An overview of the proposed framework is shown in Fig. 3a. To restore sharp face images with more facial details, more regularized structure and enhanced texture information are utilized. It is consisted three parts: face parsing network, generator (mainly LDConv and FAD), and discriminator and works as follows. First, face structure is acquired by the face parsing network and regularized by FAD. Then, to enhance facial texture, an LDConv structure and multi-patch discriminator are constructed. The loss functions for these components are then described. Finally, the algorithm is listed.

Fig. 3
figure 3

Overview of the RSETNet architecture, it mainly consists of three modules: face parsing network, Generator and Multi-patch discriminator. Face parsing network aims to capture more face structure information by fine-tuning. Generator mainly includes ResBlock (see Fig. 4), Decoder block (D-block, see Fig. 5), LDconv and FAD block. We design LDconv to enhance texture information and generate more detailed features. FAD block is constructed to preferably reconstruct face structure information. The multi-patch discriminator is designed to generate more realistic images while greatly reducing the number of discriminator parameters

Face parsing

To obtain accurate face structure information (see \(P_t\) in Fig. 3), we feed blurred face images \(x_{b}\) into the parsing network and fine-tune it. Since five sense attributes of face segmentation are very unbalanced, we employ focal loss [14] in fine-tuning parsing network to face semantic segmentation. Formally,

$$\begin{aligned} \begin{aligned} FL=-(1-P_{t}^{'})^{\gamma }log(P_{t}^{'}) \end{aligned} \end{aligned}$$
(1)

where \(P_{t}^{'}\) denotes network prediction, \(P_{t}\) is the semantic label, and set the tunable focusing parameter \(\gamma =2.0\).

Generator

Our generator is composed of ResBlock, Decoder block (D-block), LDconv and FAD block. As shown in Fig. 3a, a series of ResBlocks makes up the encoder, which extracts both shallow and deep features. ResBlock consists of two residual modules, and through it, the feature map is downsampling by convolution with stride 2 (see Fig. 4). Decoder includes D-block, LDConv and FAD block. Unlike the original D-block, we first shrink the original m channels by 4 times and output it with n channels by up-sampling (see Fig. 5). This would drastically reduce the number of arguments. The details of ResBlock and D-block are as follows.

ResBlock: As shown in Fig. 4, it consists of two residual modules and each module includes convolution, spectral normalization (SN) and RELU activation functions. /2 denotes downsampling and reduces the feature map by 2 times. (mn) denotes \((in_{channel}, out_{channel})\). The feature map is downsampling through a set of convolutional layers, and simultaneously is directly downsampling by another branch (see \(\textcircled {/2}\) branch), and finally is added by elements as the input of the second residual module. Similar operation is performed on the second residual module.
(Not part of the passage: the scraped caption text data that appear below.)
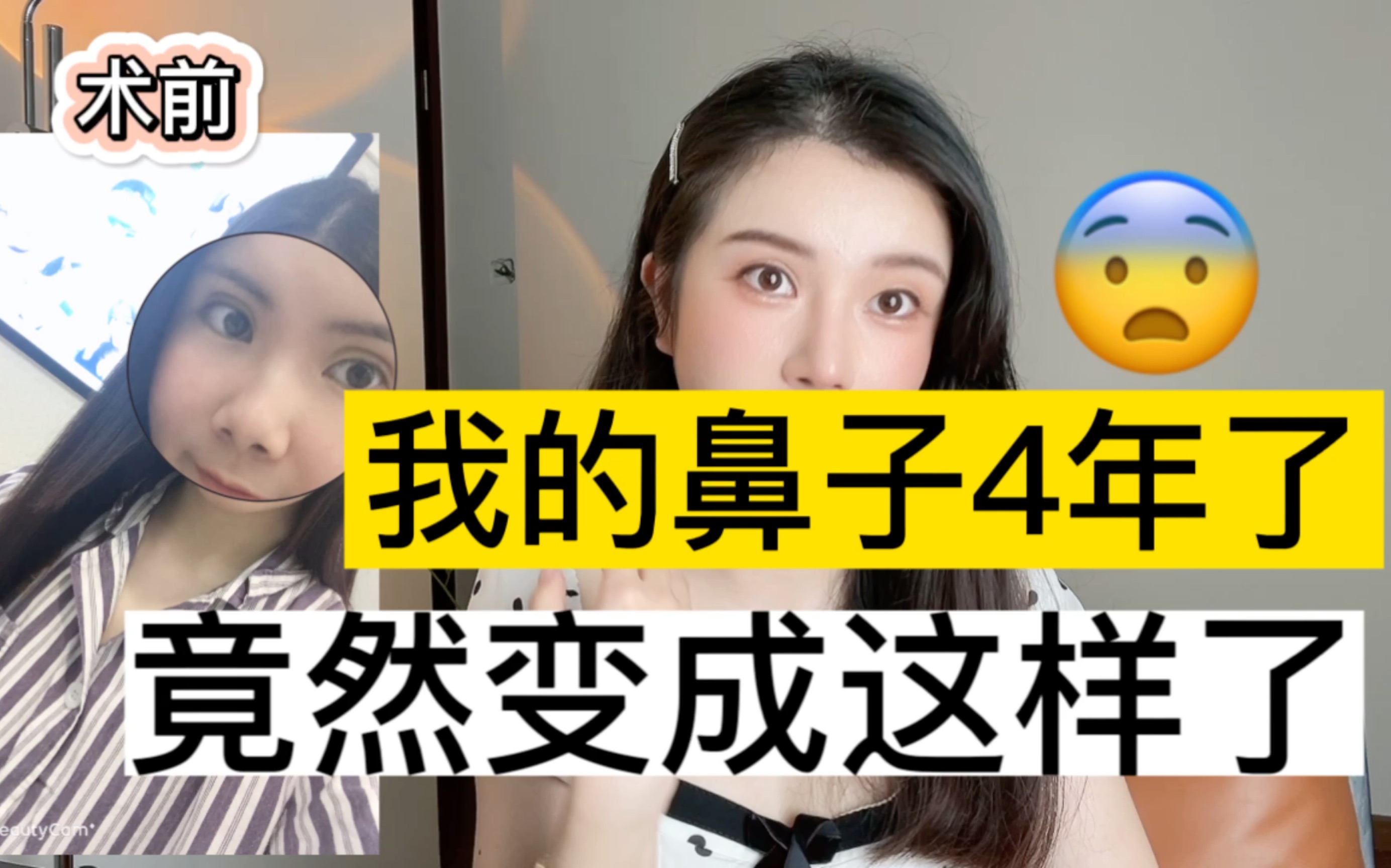 第一次隆鼻如何做到不翻车哔哩哔哩bilibili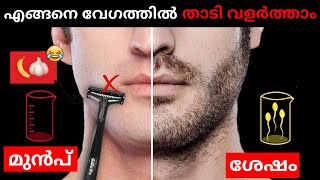 HOW TO GROW A BEARD FAST & NATURALLY || Time For Greatness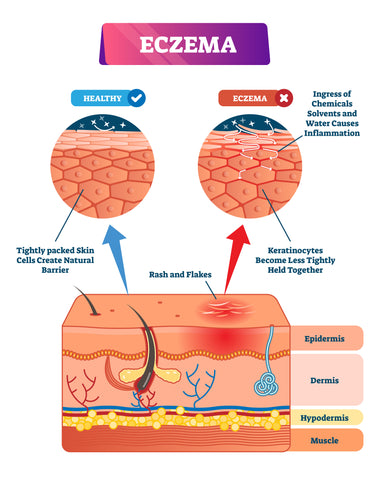 eczema_in_skin_diagram_atopic_dermatitis_dermeleve_can_help_soothe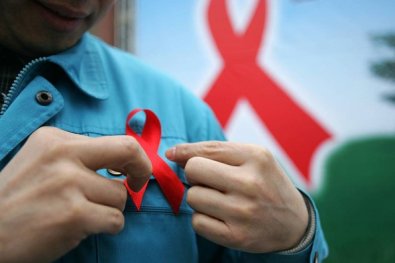 HIV-aids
D-block: As shown in Fig. 5, it consists of three modules and each module includes convolution, batch normalization (BN), and RELU activation function (see Fig. 5). In Fig. 5, \(*2\) denotes an upsampling operation which enlarges the size of the feature graph by 2 times. m is the number of input channels in the feature map and the number of output channels is n. As shown in Fig. 5, first convolution reduces the number of channels of input feature map m into m/4, and after up-sampling by the second module, the last convolution layer enables the feature map to reach the target channel number n.

Fig. 4
figure 4

ResBlock. It consists of two residual modules and /2 denotes downsampling and reduces the feature map by 2 times. (mn) is \((in_{channel}, out_{channel})\)

Fig. 5
figure 5

D-block. It consists of three modules, \(*2\) denotes an upsampling operation, and /4 denotes downsampling and reduces the feature map by 4 times

Laplace depth-wise separable convolution (LDConv) Liu et al. [15] pointed out that the shallow feature map from the encoder could represents the texture information of an image, while the deep feature map represents the structures. Similarly, we find that for decoder, its deep feature map does structural restoration, while its shallow feature map does texture restoration. Therefore, to enhance the texture information of the shallow feature map, Laplace operator (a type of differential operator) is introduced for edge sharpening. Formally, Eq. (2) shows how to calculate differential operator, which could enhance the texture information by combining surrounding pixels.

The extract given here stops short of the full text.